In a message written on Tue, Feb 03, 2004 at 08:15:13AM -0600, Terry Baranski wrote:
The performance gain achieved by using jumbo frames outside of very specific LAN scenarios is highly questionable, and they're still not standardized. Are "jumbo" Internet MTUs seen as a pressing issue by ISPs and vendors these days?

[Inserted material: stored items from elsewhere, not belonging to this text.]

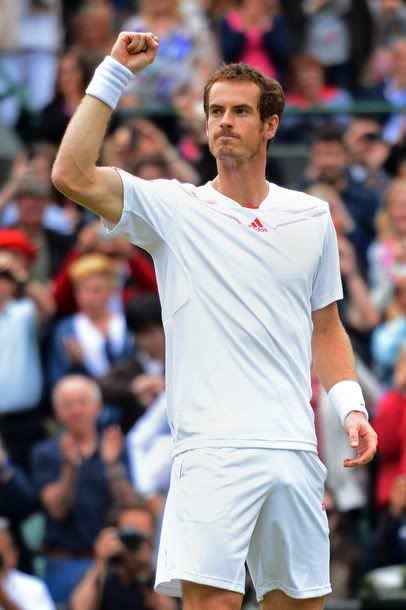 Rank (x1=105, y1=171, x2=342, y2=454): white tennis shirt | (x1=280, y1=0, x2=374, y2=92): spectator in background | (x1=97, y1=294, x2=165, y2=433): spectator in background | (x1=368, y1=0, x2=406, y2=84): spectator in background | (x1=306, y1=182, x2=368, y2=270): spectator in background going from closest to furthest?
(x1=105, y1=171, x2=342, y2=454): white tennis shirt, (x1=97, y1=294, x2=165, y2=433): spectator in background, (x1=306, y1=182, x2=368, y2=270): spectator in background, (x1=280, y1=0, x2=374, y2=92): spectator in background, (x1=368, y1=0, x2=406, y2=84): spectator in background

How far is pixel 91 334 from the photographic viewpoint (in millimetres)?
11172

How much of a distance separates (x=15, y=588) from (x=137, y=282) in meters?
2.86

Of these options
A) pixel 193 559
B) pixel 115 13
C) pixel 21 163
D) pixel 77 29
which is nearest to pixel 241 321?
pixel 193 559

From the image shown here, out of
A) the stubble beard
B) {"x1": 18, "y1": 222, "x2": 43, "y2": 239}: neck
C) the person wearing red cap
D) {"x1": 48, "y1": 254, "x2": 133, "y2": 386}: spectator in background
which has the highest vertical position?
{"x1": 18, "y1": 222, "x2": 43, "y2": 239}: neck

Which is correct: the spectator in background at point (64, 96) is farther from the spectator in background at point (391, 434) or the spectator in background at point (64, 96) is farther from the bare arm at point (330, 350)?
the bare arm at point (330, 350)

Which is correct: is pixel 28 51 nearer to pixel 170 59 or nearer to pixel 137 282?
pixel 170 59

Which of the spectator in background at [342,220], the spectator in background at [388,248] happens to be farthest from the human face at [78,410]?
the spectator in background at [342,220]

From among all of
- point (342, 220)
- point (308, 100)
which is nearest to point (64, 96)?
point (308, 100)

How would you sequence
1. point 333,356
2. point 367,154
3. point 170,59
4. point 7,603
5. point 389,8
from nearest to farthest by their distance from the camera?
1. point 333,356
2. point 7,603
3. point 367,154
4. point 170,59
5. point 389,8

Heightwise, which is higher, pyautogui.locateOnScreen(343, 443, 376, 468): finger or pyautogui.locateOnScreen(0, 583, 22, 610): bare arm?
pyautogui.locateOnScreen(343, 443, 376, 468): finger

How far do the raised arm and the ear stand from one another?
48 centimetres

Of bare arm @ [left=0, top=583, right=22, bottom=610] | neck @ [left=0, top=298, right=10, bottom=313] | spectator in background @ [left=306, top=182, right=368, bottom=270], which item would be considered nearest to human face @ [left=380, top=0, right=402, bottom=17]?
spectator in background @ [left=306, top=182, right=368, bottom=270]

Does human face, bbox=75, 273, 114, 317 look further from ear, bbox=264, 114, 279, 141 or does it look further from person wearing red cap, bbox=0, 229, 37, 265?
ear, bbox=264, 114, 279, 141

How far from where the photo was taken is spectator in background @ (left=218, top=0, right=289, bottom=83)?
1461 cm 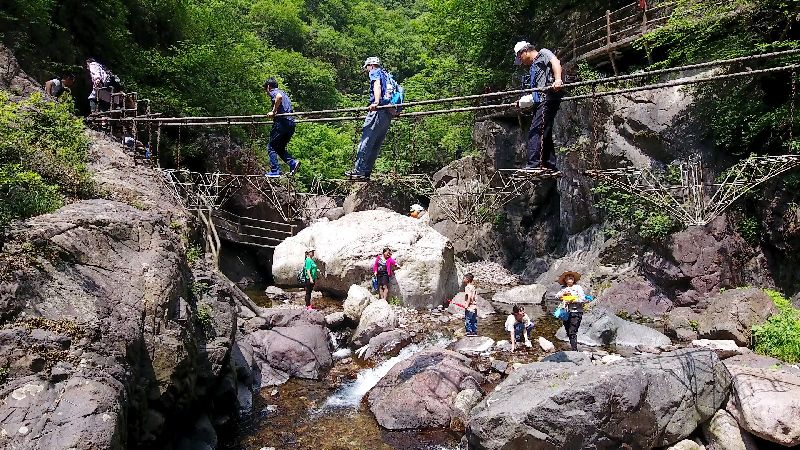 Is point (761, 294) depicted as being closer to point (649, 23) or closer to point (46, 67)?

While the rate of request is still very low, I would say we get more and more requests for jumbo frames everyday. The pressing application today is "larger" frames; that is don't think two hosts talking 9000 MTU frames to each other, but rather think IPSec or other tunneling boxes talking 1600 byte packets to each other so they don't have to split 1500 byte Ethernet packets in half. Since most POS is 4470, adding a jumbo frame GigE edge makes this application work much more efficiently, even if it doesn't enable jumbo (9k) frames end to end. The interesting thing here is it means there absolutely is a PMTU issue, a 9K edge with a 4470 core. There is also a lot of work going on in academic networks that uses jumbo frames. I suspect in a few more years this will make it into more common applications. In a message written on Tue, Feb 03, 2004 at 04:40:15PM +0200, Petri Helenius wrote:
Me wonders why people ask for 40 byte packets at linerate if the mtu is supposedly larger?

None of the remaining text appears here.